▶ **Supplied information**

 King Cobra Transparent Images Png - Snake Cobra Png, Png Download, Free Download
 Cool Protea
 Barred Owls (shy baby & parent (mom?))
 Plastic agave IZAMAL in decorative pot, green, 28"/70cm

▶ **Task prompt**
Start at the line holding "Barred Owls (shy baby & parent (mom?))" and retype each line through the end of the material above, both included.

▶ **Exercise answer**
 Barred Owls (shy baby & parent (mom?))
 Plastic agave IZAMAL in decorative pot, green, 28"/70cm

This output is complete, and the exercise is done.